The hold time is the length of time that the PRUNE state must be kept alive failing a receipt of a JOIN or GRAFT message. GRAFTing (type 6 message) is the process of rejoining a pruned stream. JOIN/PRUNE messages can be used to indicate more than one group at a time. Thus the Num Groups field can be greater than one and the Num Joins (per group) field can also be greater than one.

A note on timers

Both IGMP and PIM have a collection of timers. The messaging between systems is there in order to help determine where multicast streams should flow. Nodes join groups and routers join these same groups. Some systems can be configured such that network devices can leave without notification and timers exist so that devices do not have to constantly signal their group membership interest. At the same time, conservation of resources dictates that group membership should not persist indefinitely without occasional notification from group members. As a result, the timers associated with these protocols have the task of keeping track of and aging out membership and advertised information. Many of these timers (advertisement/solicitation rates, aging time, etc.) are configurable parameters.

A note on state

Both PIM dense-mode and PIM sparse-mode dramatically change the way that routers handle the forwarding of traffic because there is an addition to their forwarding information base. Like other routing protocols, such as Open Shortest Path First (OSPF), this is due to the router’s knowledge of its “State” or what the router understands about its network connections. For multicast, the state is contained within the Tree Information Base (TIB). The TIB has a slightly different structure in the two modes because of the different approach taken, most notably the Rendezvous Point (RP).
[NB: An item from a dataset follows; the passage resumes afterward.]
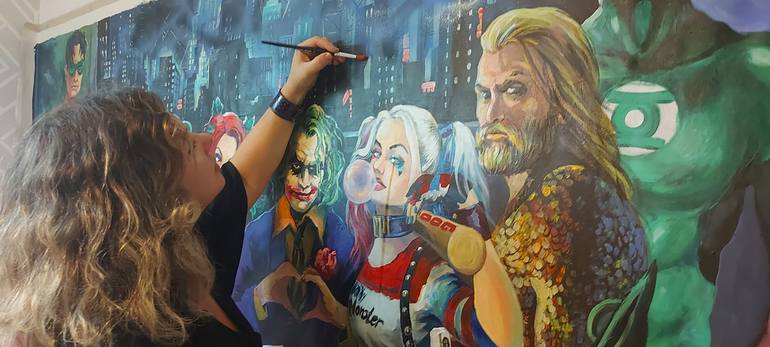 Original Pop Art Cartoon Painting by Maria Kireev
Generally speaking, the router keeps track of multicast stream sources, networks that contain hosts requesting the multicast stream, and any RPs in the topology. Routers do not need to keep track of individual hosts. Each active interface is part of the state and has timers associated with the traffic that might be forwarded. Both modes of operation specify a “General Purpose State” in which the routers are aware of HELLO message timers and network conditions. The state is modified by the IGMP/PIM messages seen or the expiration of timers.

Operation

Let’s work through a couple of examples. To start, we simply have a small local area network without routing or external connectivity, as shown in Figure 8-22.

Figure 8-22. Initial multicast topology

If we assume that initially there are no multicast sources, there isn’t much to see. But the network nodes do not know this. When a node joins the network it performs a multicast announcement just in case. The specific behavior is somewhat dependent on the operating system and configuration. For the most part, this consists of a small number of MEMBERSHIP REPORTS. The output from a Windows 10 host is shown in Figure 8-23.

Figure 8-23. Windows 10 default multicast messages

These correspond to addresses reserved for multicast DNS (RFC 6762) and link-local multicast name resolution (RFC 4795). Because this node did not receive an answer ( no messages from other nodes and a multicast router is not present), this traffic does not get repeated very often.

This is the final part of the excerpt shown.